# Records from a data collection
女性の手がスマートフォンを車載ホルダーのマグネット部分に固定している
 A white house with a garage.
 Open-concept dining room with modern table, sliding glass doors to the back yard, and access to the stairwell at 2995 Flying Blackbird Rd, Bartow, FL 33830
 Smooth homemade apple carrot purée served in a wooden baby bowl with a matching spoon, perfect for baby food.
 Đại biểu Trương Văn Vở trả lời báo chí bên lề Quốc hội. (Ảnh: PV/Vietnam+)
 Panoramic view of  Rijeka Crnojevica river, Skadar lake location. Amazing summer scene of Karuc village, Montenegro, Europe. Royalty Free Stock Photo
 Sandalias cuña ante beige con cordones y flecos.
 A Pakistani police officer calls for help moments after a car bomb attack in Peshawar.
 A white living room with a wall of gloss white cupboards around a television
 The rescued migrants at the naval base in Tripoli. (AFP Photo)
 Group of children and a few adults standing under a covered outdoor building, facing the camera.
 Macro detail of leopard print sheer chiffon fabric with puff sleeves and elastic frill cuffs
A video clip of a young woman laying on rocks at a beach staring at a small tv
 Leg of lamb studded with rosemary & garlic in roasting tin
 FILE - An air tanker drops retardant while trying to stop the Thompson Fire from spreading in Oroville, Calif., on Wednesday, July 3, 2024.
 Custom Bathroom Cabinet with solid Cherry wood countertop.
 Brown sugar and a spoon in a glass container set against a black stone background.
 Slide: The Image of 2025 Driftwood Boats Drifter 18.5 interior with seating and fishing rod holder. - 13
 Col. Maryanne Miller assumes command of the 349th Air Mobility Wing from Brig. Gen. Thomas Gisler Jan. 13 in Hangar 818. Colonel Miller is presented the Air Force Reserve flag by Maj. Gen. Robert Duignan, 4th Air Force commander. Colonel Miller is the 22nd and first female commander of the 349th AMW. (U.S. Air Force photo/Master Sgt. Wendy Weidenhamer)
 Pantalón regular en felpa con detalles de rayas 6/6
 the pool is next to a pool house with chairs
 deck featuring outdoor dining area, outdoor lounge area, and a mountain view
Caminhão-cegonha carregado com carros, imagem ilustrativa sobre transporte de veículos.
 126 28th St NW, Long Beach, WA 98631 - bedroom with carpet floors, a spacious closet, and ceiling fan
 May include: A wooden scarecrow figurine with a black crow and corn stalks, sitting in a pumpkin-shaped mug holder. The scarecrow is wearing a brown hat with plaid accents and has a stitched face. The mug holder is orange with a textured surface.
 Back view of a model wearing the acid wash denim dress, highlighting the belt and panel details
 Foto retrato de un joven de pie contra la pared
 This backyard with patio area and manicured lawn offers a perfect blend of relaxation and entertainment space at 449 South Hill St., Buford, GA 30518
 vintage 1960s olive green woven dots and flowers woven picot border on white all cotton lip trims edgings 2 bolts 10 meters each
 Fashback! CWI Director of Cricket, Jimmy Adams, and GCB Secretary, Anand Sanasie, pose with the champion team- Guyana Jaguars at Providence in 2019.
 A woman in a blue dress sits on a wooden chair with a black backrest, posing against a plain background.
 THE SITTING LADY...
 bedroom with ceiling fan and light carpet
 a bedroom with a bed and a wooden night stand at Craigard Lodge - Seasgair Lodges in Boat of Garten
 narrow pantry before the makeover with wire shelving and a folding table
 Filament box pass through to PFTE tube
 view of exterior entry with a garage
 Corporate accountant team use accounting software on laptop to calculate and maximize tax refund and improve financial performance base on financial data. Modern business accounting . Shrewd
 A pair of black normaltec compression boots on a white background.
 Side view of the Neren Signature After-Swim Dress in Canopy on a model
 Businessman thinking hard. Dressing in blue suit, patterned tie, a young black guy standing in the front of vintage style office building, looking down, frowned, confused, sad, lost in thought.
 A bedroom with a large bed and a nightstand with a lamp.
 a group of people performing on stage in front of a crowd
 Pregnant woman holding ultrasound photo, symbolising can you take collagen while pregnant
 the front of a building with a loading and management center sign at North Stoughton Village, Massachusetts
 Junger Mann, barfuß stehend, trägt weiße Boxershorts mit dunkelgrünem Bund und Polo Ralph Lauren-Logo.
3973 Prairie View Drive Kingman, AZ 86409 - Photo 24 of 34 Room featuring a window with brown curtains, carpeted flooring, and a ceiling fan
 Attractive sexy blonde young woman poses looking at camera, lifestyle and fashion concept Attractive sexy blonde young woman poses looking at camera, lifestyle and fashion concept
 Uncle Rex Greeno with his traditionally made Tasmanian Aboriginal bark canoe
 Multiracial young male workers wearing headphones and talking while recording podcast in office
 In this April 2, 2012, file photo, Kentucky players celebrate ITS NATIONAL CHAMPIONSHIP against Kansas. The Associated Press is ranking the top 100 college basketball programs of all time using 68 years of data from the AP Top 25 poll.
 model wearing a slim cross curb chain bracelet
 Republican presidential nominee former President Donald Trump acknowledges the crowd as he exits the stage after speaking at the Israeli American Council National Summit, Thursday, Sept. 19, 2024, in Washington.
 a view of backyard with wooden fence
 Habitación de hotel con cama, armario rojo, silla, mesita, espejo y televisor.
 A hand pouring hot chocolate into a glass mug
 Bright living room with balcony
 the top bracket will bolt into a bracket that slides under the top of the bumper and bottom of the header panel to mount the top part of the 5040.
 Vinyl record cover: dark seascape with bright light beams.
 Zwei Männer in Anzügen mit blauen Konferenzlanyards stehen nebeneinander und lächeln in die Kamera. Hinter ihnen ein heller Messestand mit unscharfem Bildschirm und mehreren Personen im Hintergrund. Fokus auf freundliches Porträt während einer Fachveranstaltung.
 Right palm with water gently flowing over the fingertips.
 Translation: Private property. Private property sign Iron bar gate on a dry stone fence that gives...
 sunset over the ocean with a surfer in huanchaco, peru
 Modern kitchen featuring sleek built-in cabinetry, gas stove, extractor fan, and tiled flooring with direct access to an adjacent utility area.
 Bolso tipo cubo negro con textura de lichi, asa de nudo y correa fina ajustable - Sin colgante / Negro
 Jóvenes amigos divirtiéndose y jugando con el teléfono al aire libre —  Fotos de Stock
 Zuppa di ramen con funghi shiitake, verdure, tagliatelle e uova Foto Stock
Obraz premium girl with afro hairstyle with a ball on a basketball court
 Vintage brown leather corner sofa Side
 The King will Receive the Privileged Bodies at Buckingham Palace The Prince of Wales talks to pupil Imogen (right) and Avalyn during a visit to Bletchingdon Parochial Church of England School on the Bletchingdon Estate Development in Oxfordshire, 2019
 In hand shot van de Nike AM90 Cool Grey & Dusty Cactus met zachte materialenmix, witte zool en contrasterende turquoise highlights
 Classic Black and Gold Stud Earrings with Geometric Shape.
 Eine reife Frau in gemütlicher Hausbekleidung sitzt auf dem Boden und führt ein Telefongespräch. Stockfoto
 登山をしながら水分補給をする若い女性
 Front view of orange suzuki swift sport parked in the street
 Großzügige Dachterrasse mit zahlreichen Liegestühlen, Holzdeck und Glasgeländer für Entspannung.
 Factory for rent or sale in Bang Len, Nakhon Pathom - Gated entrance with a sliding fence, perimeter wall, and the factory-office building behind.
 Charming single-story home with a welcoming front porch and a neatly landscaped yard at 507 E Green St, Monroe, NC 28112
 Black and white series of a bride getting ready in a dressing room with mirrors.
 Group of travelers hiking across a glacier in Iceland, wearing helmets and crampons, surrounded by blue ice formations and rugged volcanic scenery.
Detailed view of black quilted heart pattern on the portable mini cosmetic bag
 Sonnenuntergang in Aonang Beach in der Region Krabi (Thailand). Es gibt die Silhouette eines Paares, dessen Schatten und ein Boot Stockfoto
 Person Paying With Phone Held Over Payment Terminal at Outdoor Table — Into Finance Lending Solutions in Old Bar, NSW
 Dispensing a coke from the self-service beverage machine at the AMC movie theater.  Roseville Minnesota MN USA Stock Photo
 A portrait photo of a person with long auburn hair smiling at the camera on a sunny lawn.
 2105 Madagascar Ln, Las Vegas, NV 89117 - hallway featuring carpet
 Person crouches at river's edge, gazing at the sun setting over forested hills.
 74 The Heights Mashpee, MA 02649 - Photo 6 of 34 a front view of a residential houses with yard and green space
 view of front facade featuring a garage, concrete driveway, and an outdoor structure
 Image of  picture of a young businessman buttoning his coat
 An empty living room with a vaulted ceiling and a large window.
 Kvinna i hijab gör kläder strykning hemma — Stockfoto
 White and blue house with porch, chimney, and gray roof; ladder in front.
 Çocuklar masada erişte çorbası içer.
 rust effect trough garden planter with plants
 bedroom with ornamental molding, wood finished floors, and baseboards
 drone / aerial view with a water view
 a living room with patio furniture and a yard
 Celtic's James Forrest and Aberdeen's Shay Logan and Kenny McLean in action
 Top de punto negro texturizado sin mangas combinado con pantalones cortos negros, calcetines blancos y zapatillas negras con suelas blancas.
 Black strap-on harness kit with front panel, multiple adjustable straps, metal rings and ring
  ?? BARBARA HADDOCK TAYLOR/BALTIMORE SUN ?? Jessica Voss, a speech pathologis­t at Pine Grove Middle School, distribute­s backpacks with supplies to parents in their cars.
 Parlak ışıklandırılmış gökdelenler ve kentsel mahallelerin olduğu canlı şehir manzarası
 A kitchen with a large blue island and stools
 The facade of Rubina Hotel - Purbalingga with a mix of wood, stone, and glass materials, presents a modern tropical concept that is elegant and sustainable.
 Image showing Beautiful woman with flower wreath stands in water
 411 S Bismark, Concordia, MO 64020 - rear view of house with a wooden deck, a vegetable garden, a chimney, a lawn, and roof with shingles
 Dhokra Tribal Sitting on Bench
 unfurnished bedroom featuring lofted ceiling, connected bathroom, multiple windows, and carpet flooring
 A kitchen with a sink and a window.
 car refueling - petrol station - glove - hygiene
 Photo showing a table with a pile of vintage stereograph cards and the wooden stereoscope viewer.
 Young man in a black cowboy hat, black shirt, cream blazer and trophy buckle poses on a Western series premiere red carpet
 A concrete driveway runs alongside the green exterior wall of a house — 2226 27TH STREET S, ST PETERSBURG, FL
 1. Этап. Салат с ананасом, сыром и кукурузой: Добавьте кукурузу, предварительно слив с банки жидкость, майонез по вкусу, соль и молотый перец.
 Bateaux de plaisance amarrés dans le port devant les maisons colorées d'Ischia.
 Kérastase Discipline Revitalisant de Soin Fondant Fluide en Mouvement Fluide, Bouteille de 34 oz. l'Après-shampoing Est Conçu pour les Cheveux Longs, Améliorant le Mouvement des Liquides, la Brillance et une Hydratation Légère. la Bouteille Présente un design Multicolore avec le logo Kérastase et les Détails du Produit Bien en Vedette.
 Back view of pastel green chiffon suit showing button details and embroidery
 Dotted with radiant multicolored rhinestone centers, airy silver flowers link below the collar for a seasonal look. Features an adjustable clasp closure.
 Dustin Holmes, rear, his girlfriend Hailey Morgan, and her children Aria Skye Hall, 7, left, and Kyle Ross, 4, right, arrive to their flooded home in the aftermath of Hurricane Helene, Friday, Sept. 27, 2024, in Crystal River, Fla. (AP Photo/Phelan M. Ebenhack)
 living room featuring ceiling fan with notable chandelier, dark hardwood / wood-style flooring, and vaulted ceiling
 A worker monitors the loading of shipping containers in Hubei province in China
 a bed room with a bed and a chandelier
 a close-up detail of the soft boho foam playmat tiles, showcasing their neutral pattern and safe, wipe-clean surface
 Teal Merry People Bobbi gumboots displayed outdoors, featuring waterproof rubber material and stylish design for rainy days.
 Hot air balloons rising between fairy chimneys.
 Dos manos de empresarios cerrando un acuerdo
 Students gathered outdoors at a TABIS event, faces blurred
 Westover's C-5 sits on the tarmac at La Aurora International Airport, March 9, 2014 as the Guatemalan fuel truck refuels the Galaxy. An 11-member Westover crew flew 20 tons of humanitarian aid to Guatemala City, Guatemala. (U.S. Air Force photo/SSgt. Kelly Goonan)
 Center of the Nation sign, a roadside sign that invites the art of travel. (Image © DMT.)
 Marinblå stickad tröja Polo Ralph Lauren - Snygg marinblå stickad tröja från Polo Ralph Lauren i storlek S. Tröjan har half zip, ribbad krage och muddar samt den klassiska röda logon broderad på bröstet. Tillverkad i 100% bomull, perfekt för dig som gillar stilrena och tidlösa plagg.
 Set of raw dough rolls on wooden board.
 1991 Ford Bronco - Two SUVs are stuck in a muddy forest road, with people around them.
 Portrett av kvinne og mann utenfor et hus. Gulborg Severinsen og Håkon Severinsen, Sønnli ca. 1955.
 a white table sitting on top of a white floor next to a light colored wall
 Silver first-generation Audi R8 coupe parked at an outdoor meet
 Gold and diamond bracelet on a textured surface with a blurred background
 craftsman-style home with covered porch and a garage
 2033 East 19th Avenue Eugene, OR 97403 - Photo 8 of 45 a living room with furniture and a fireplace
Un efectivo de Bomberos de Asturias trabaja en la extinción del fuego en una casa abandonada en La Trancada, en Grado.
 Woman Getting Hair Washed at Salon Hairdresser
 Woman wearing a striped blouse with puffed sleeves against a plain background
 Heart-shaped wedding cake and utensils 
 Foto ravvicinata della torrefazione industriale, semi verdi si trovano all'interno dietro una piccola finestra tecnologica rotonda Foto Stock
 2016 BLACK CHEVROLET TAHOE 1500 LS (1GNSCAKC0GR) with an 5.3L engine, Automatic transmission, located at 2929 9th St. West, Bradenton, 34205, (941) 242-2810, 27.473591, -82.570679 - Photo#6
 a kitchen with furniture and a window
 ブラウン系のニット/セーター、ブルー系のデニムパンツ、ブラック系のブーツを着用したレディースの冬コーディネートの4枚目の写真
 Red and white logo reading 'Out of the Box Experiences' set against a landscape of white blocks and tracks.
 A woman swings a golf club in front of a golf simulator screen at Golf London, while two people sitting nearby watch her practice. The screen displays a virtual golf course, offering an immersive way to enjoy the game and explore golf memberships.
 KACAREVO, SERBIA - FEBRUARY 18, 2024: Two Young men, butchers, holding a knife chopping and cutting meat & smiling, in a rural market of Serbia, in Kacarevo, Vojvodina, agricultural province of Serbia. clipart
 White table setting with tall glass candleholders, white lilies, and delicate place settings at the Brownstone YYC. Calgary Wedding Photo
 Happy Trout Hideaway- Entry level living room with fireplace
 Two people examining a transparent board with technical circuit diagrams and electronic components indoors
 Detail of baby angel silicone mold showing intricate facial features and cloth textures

# WHAT TO PRODUCE
In the records above, find the lines containing "furniture" and copy them.

# TASK OUTPUT
 a living room with patio furniture and a yard
 2033 East 19th Avenue Eugene, OR 97403 - Photo 8 of 45 a living room with furniture and a fireplace
 a kitchen with furniture and a window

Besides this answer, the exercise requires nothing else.